実子の子は何ら問題なく代襲相続人になりますが、養子の子については状況が異なります。
養子の子は実子の子のように無条件で代襲相続人になるのではなく、養子縁組した日と生年月日が関係してきます。
養子縁組前に生まれていた子は代襲相続人にならず、実子の子のように代襲相続人になるのは縁組後に生まれた子に限定されます。

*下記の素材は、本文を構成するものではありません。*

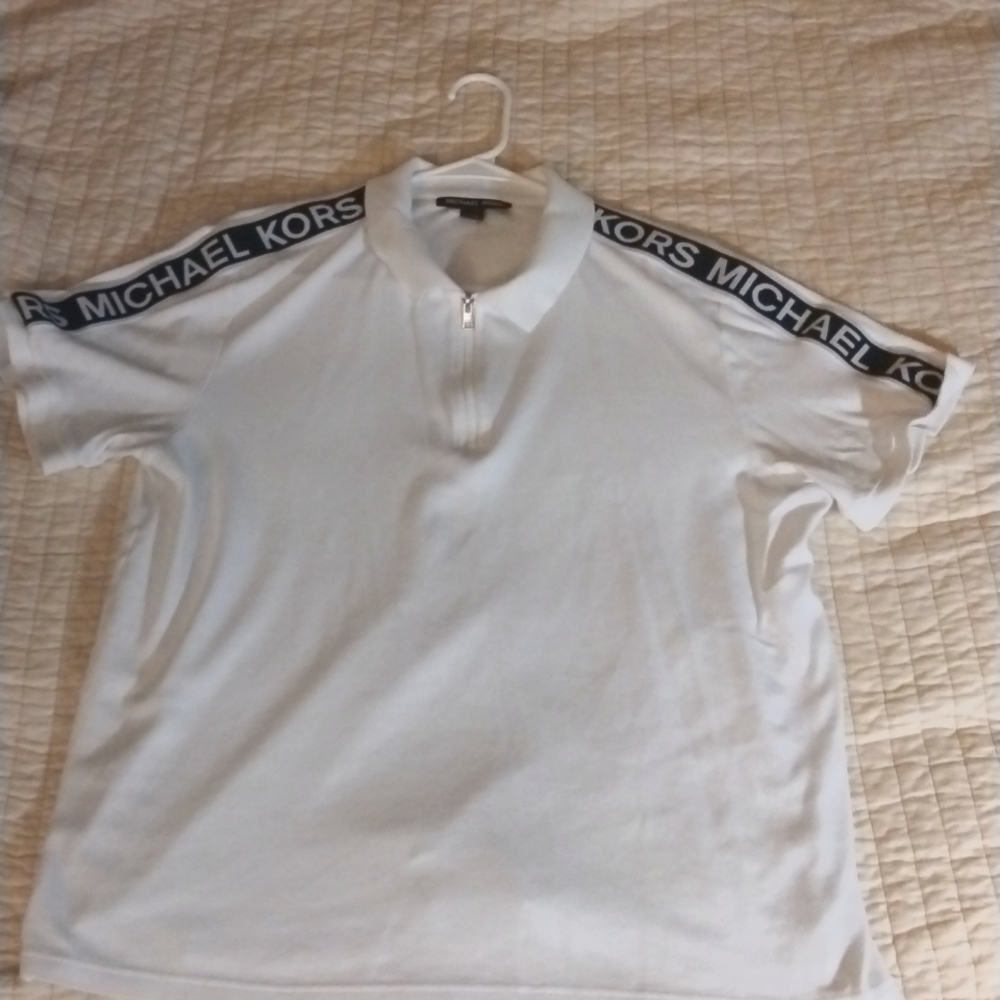 Micheal Kors Half Zip Shirt,Large,White with Black Tag running down shoulders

上記の例で、養子の子Aは親が故人と養子縁組する前に生まれており、Bは縁組後に生まれていたら、きょうだいではありますがBだけが故人の代襲相続人となります。

まとめ

このように故人との相続に関しては、養子自身は実子を何ら変わりありませんが、代襲相続が発生している場合は養子縁組日と養子の子の生年月日が重要になるので注意が必要です。
遺産分割協議をする場合でも、代襲相続人であるのに協議に参加していなかったり、代襲相続人でない者が参加していたりすると、協議自体が無効になるおそれがあるので、司法書士にご相談されることをおススメします。